Glaube, unter XPPro SP1 mit Athlon 64 4200X2 (939) 2GB RAM, 2900XT, A8R32-MVP lief es bei mir eigentlich auch, werde heut Abend noch mal nachschauen und Bescheid geben.

Übrigens, ist dein Haupt-Sys irgendwo gelistet? Bzw, woraus besteht es?


----------



## ruyven_macaran (25. August 2009)

Im Tagebuch in der Sig könnte man es finden, aber kurz und knapp:
Pentium E5300
Gigabyte EP-45T-UD3R
9800GTX+

Aber hier liegt ja eher ein Softwareproblem vor.


----------



## bschicht86 (25. August 2009)

Hab bei mir mal getestet.

Siedler 2 Gold läuft ohne Mucken...

Veni Vidi Vici (Richtig?) stürzt ohne Kommentar beim laden eines Savegames bzw beginn einer neuen Kampange ab.

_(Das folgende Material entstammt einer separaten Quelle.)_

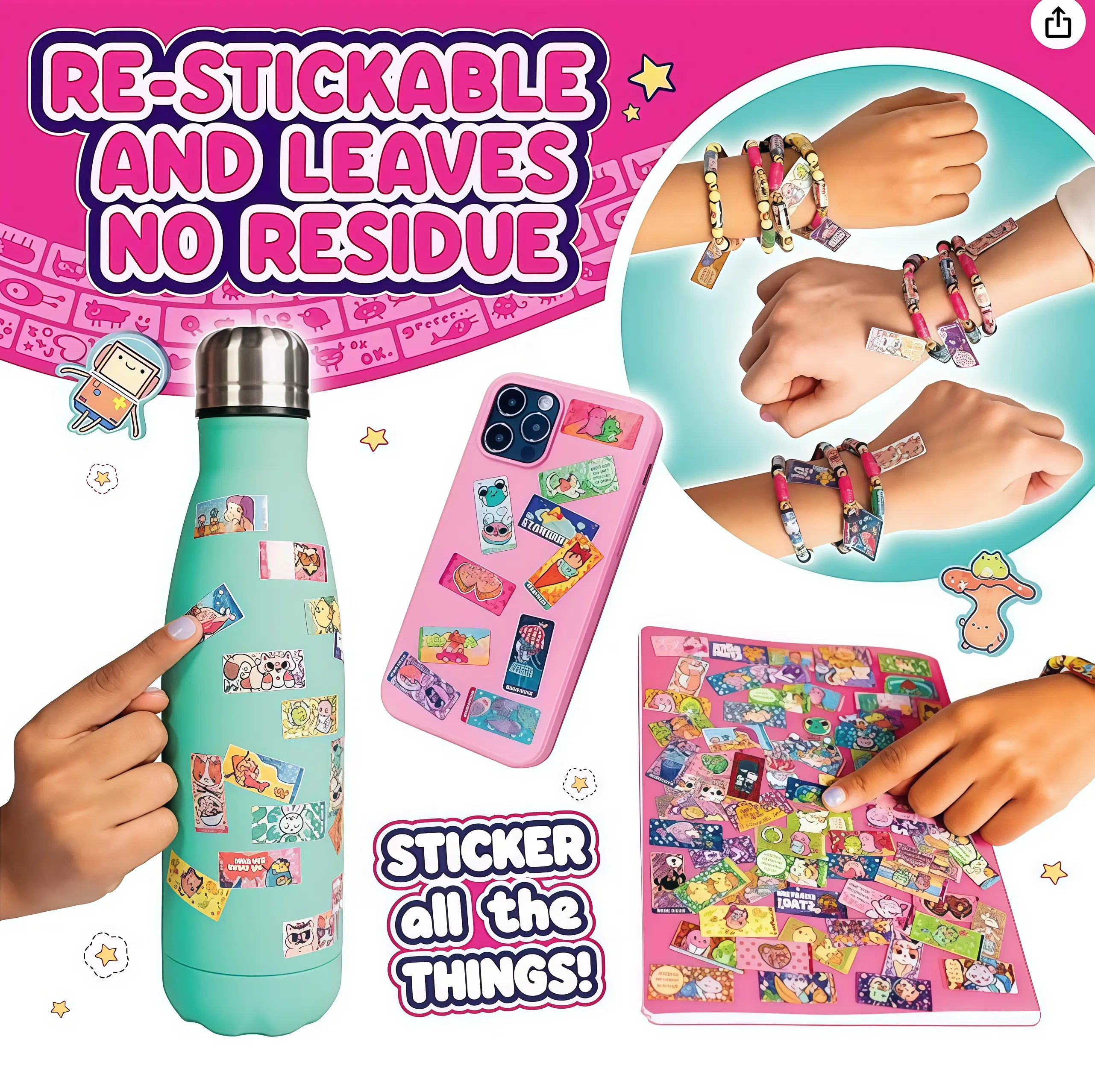 Sticker Bracelet | Wearable Shareable Collectible Sticker Toy | 280 Accessories Including 220 Stickers | 1500+ Stickers to Collect (Series 1)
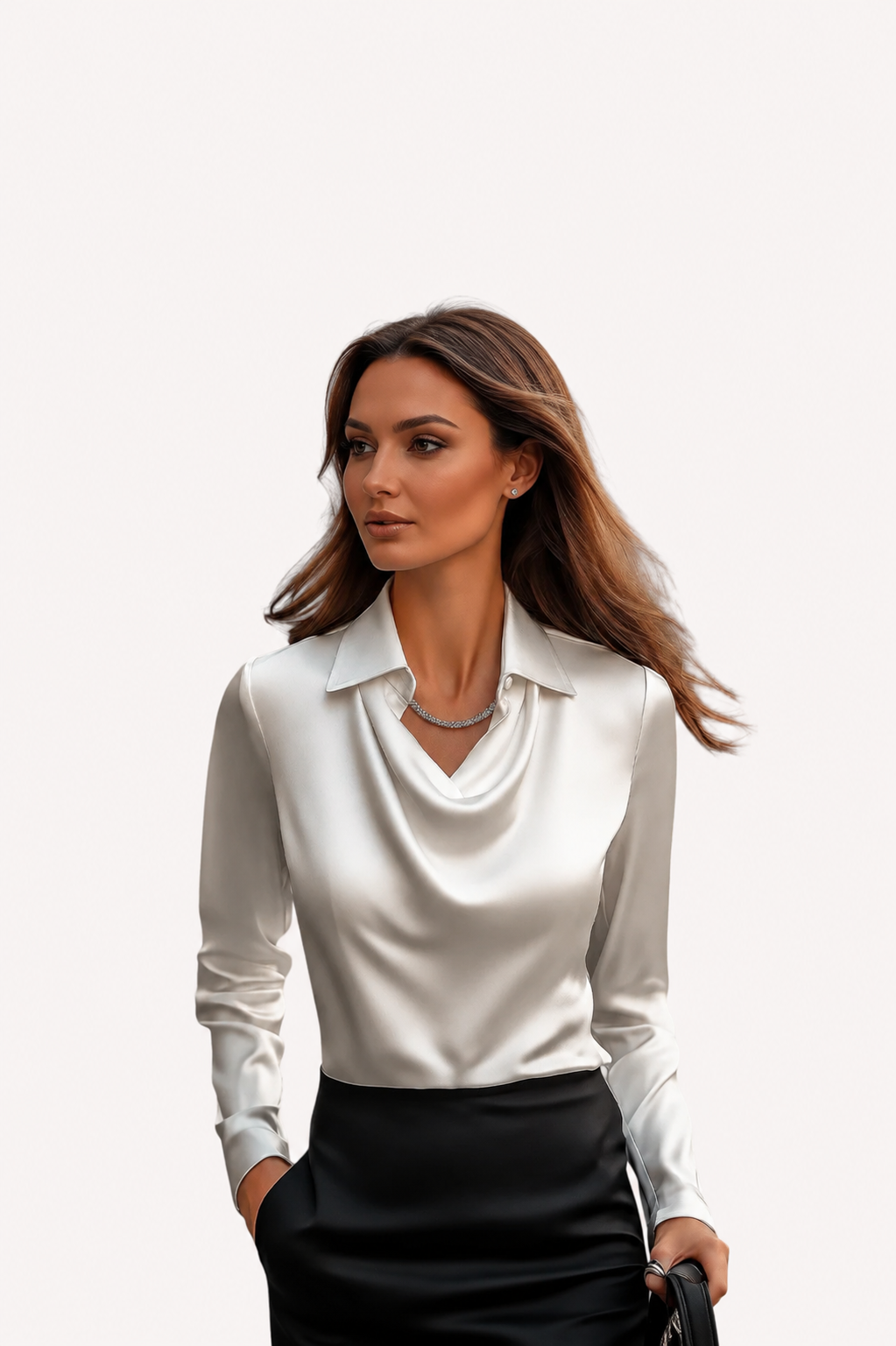 Women’s Draped Neck Long Sleeve Blouse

Anderes Problem hatte ich noch mit einer 1950Pro bei beiden.
Die 1950´er brachte ein farblich verunstaltete Oberfläche bei beiden Versionen. (Catalyst 8.4)
Erst bei einer 2900XT bzw 4870x2 waren die Farben wieder korrekt.

Hilft dir zwar wenig, aber warum nimmst du nicht Siedler 2 Gold, die Missionen sind bei beiden die gleichen, nur dass bei der Gold noch Welt-Missionen mit größeren Karten dabei sind.


----------



## ruyven_macaran (25. August 2009)

Weil ich Gold gar nicht besitze 
Aber unabhängig davon: Savegames,... sind weit weit weg von allem, was ich bislang erreiche.


----------



## bschicht86 (26. August 2009)

Die Savegames sind mir auch nur von einem Win98-PC erhalten geblieben...

Eigentlich müsste es sich ja um ein Hardwareproblem handeln, wenn du schreibst, dass es auf deinem Notebook läuft...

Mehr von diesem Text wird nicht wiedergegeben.